Let’s stop real quick for some clarification. I’m not fishing for a goddamn thing here – this blog is where I can promote and also express myself. If you’re reading the posts here, well, 1) thanks and 2) this is the only goddamn place in the universe I can speak without feeling the weight of a stare – I’ll talk about what I want. I don’t need assurances or comments or shares (I also do not need DMs and texts looking for gossip). Move on. If you get a little bug up your ass whenever I speak because I’m always SO WRONG – move on.
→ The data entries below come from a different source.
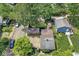 An aerial view of the property showcasing its backyard, detached garage, and surrounding greenery at 5002 Broadway St, Indianapolis, IN 46205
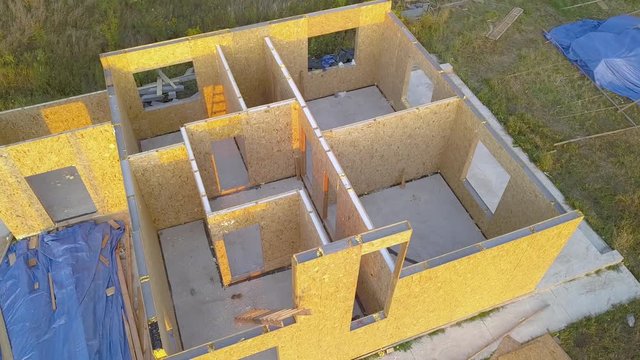 Construction of new and modern modular house. Walls made from composite wooden sip panels with styrofoam insulation inside. Building new frame of energy efficient home concept.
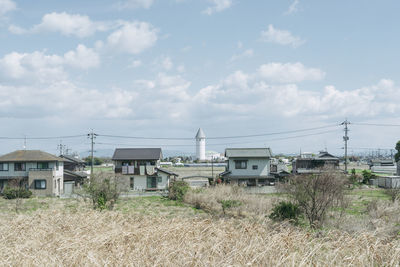 Houses on field against sky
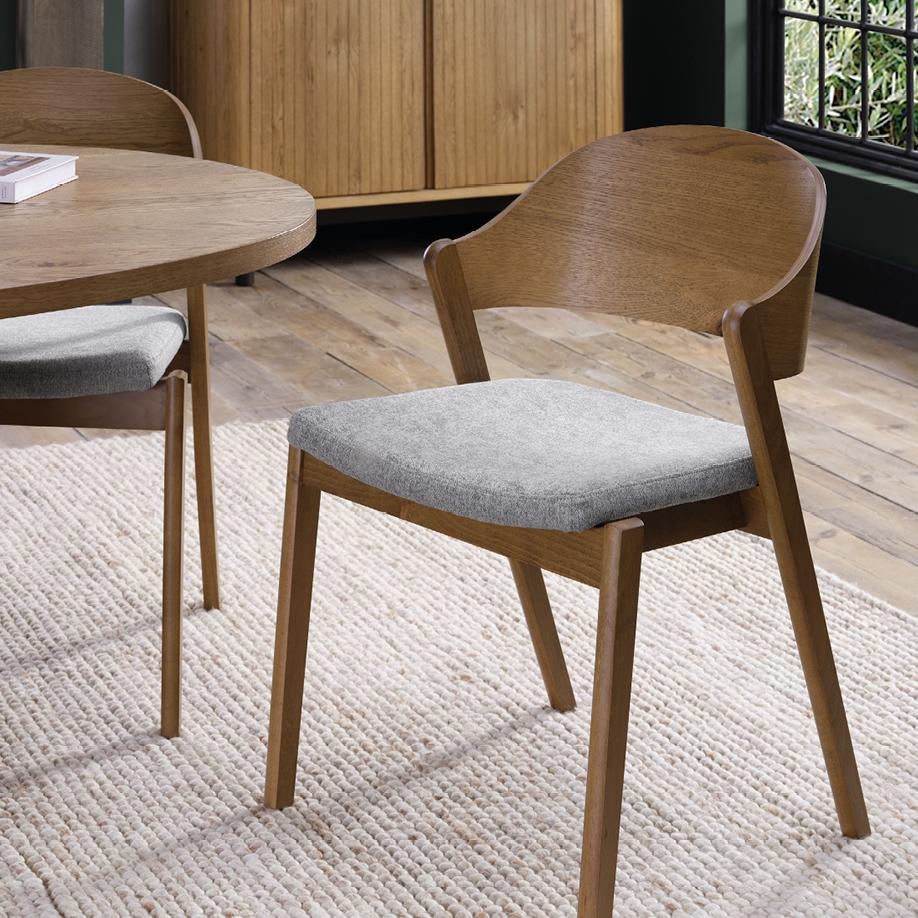 The shape says design, the seat says stay a while. ⁠ ⁠ The Vega Rustic Oak ply-back chair is a mo...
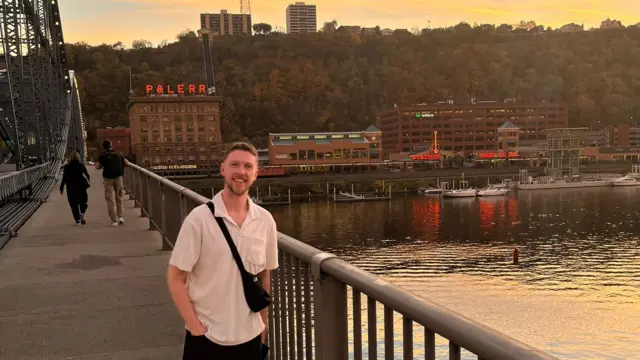 Newsbeat reporter Jordan Kenny standing on a bridge in Pittsburgh, Pennsylvania. The sun is setting in the background and people are walking across a bridge behind him.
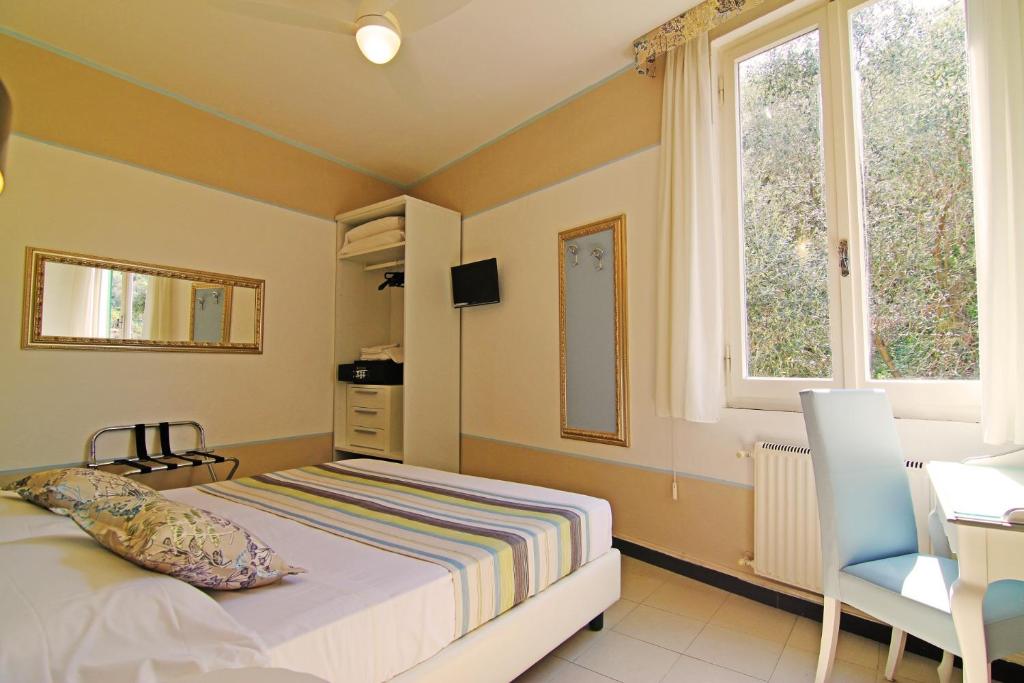 Postel nebo postele na pokoji v ubytování Hotel Souvenir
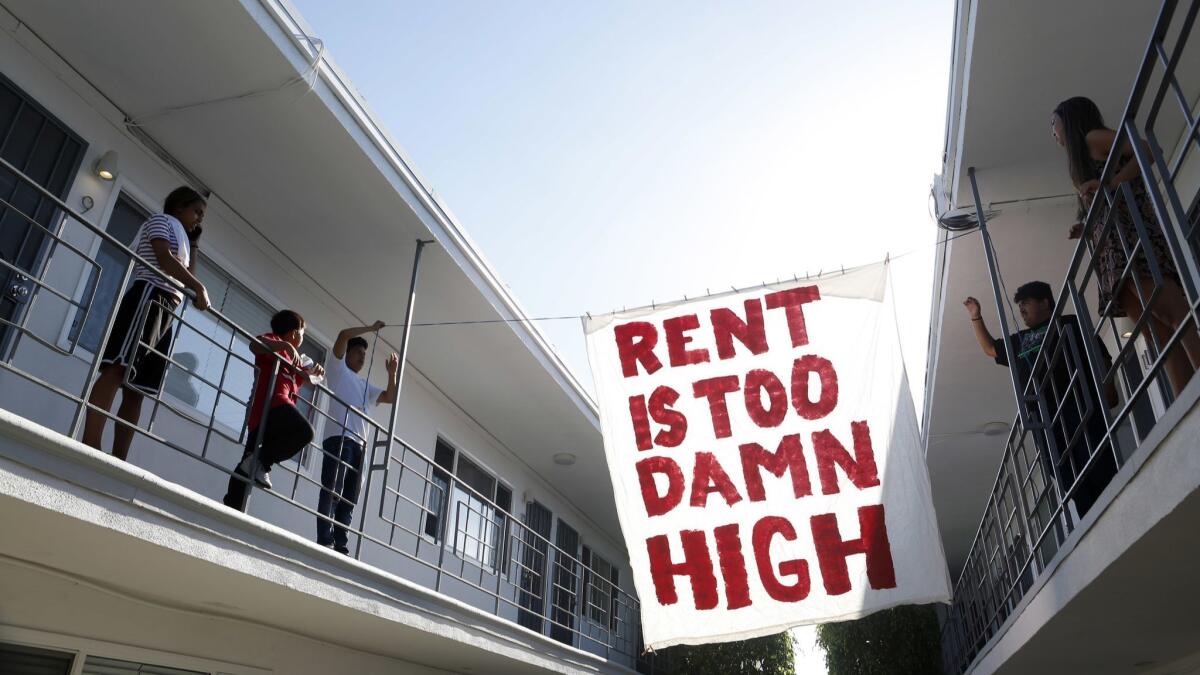 Organizers with Housing Long Beach, a local advocacy group pushing for rent control and eviction protections, hangs up a sign in the courtyard of the apartment complex on Cedar Ave. in mid-June.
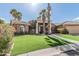 Inviting single-story home featuring lush landscaping, a wide driveway, and a two-car garage at 1207 E Clearview Dr, Casa Grande, AZ 85122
The doubts, yada, yada, yada…
But I need to keep moving.
Yeah, the system is entirely built to make me want to quit and to make me doubt everything I do. The ladders reserved for everyone else are built with extra rungs. The peaks at the top aren’t flat either. They’re narrow and jagged.
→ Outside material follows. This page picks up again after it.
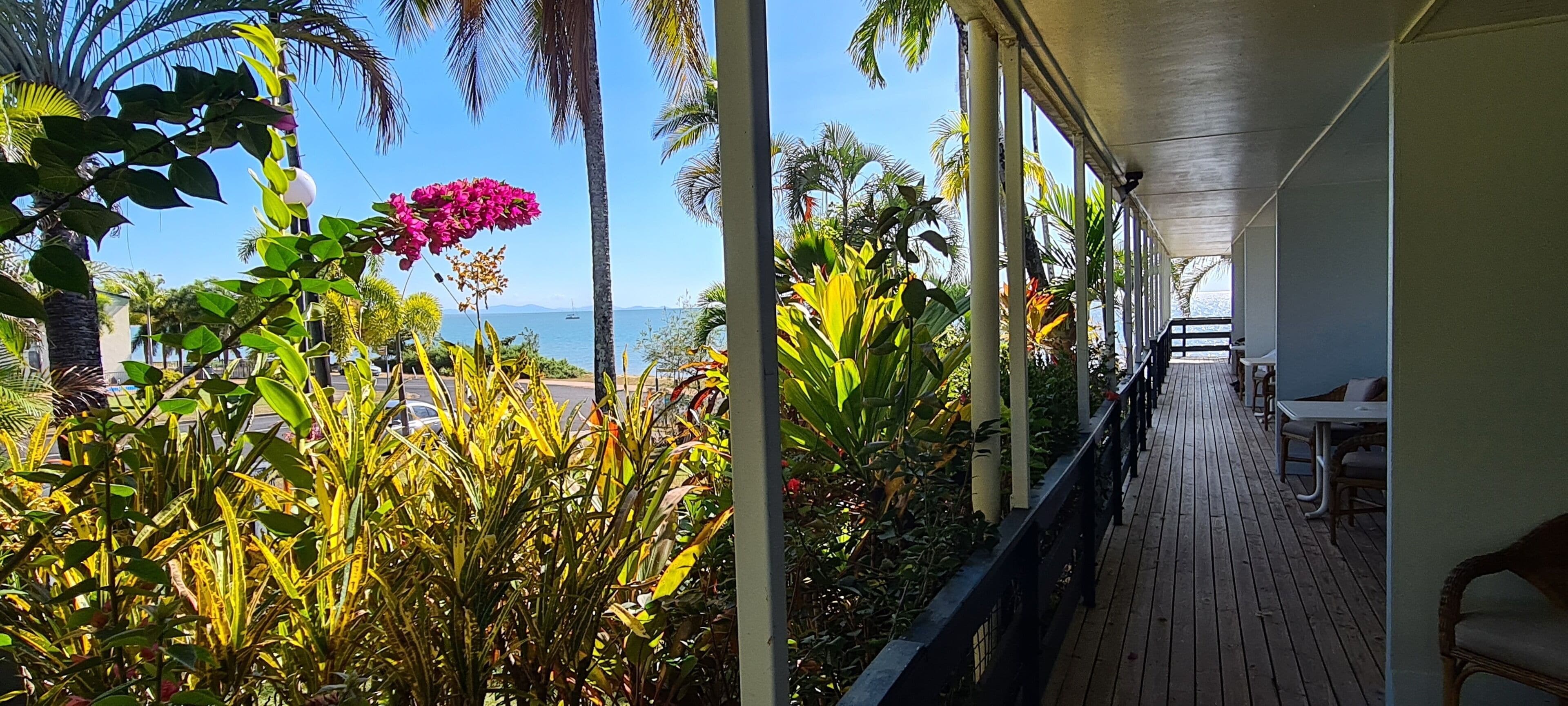 A covered outdoor area with a wooden deck, surrounded by lush tropical plants and palm trees, overlooking a body of water.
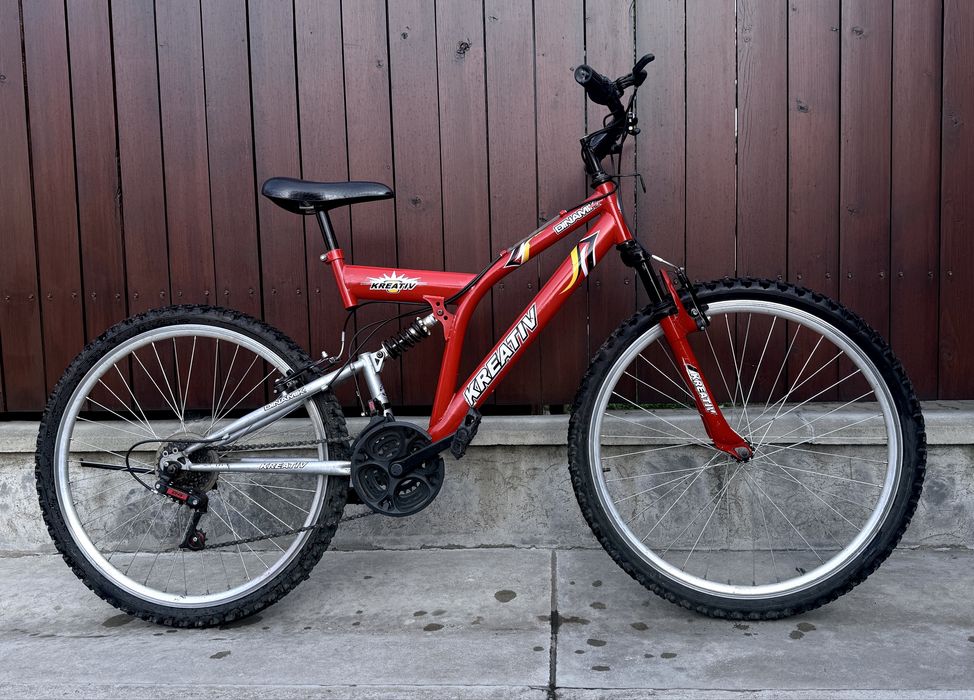 Bicicletă copii MTB Kreativ Dinamik 24", 18 viteze, dublă suspensie – stare bună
It took me a long time to realize that I can no longer please everyone. I’m pushing 40 and there are those in my peer groups that still insist on me fitting a criteria they define; on being another support for their own motives. I’m done with that. I’m done feeling weird or wrong for writing what I write and saying what I say. I work hard to prevent hurt and I work hard at being the best person I can be. I’ll never be perfect but I also know what’s in my head – I know I don’t say these things and work the way I work in order to keep up appearances.
I also know plenty of people won’t believe that and that used to bother me too. I have to stop letting it bother me. Those people do not deserve that from me.
I’m going to write and I’m going to edit and mentor and podcast. I’m going to work as hard as I can to bring diverse voices into the room with me (and guess what, diverse means EVERYONE. Its not tokenism). I’m going to continue to produce material that’s publishable and readable and if it all means a single half-breed kid with a lot of social issues picks up a book about things that speak to them; hey, I’m good.
I’m also going to finish that essay. Whether anyone reads it or takes offense to it is up to them. It isn’t up to me. I’m not here to make anyone feel better about themselves. That isn’t my job. Just like it isn’t anyone else’s job to make me feel better about myself.
I can 100% do that on my own – and I will. I am angry and I will own that. I think we all have a right to be angry. The real work is in finding how to use this anger to do better for myself and others. To refuse to let it eat me alive.
OK – vented. Thanks again for reading. Back to work.